COURT OF APPEALS

DECISION

DATED AND FILED

 

May 3, 2006

 

Cornelia G. Clark

Clerk of Court of Appeals

 

 

 

NOTICE

 

 

This opinion is subject to further editing.  If published, the official version will appear in the bound volume of the Official Reports. 

 

A party may file with the Supreme Court a petition to review an adverse decision by the Court of Appeals.  See Wis. Stat. § 808.10 and Rule 809.62. 

 

 

 

 

Appeal No. 

2005AP1855

Cir. Ct. No.  2004CV123

STATE OF WISCONSIN   

IN COURT OF APPEALS

 

DISTRICT II

 

 

 

 

Michael Baxter,

 

          Plaintiff-Appellant,

 

     v.

 

William Lynch,

 

          Defendant-Respondent.

 

 

 

 

            APPEAL from a judgment of the circuit court for Green Lake County:  William M. McMonigal, Judge.  Affirmed. 

            Before Brown, Nettesheim and Anderson, JJ. 
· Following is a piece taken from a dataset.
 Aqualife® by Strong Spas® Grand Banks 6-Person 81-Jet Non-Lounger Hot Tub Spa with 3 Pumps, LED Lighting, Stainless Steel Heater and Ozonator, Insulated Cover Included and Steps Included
1        PER CURIAM.   Michael Baxter appeals from a judgment in favor of William Lynch for services Lynch performed in restoration of a vehicle owned by Baxter.  Baxter argues that he should have recovered damages, including double damages under Wis. Stat. § 100.20(5) (2003-04),[1] caused by Lynch’s violation of Wis. Admin. Code ch. ATCP 132 (Jan. 1994),[2] failure to complete the restoration, and poor workmanship.  We conclude that the evidence supports the trial court’s finding that Baxter terminated Lynch’s services and that this was not an arrangement within the scope of ch. ATCP 132.  We affirm the judgment. 

2        Baxter’s complaint alleged that Lynch, doing business as “Precision Collision,” agreed to do body work and paint Baxter’s 1969 Plymouth Roadrunner for $4000.  It alleged that after initial work was commenced, the parties agreed to expand the scope of the work to include a full and complete restoration of the vehicle for which Baxter would pay Lynch an additional $1000 and transfer title to a camper to Lynch.  Baxter claimed that Lynch ceased work on the vehicle before completing the restoration and that Lynch was wrongfully retaining possession of the car.  The complaint also alleged that Lynch was in the auto repair business and failed to provide a written estimate of repairs as required by Wis. Admin. Code §§ ATCP 132.02 and 132.03(1).  Baxter sought possession of the vehicle, damages, and attorney fees under Wis. Stat. § 100.20(5).  Lynch counterclaimed for the value of work performed and costs of storing the vehicle in his garage. 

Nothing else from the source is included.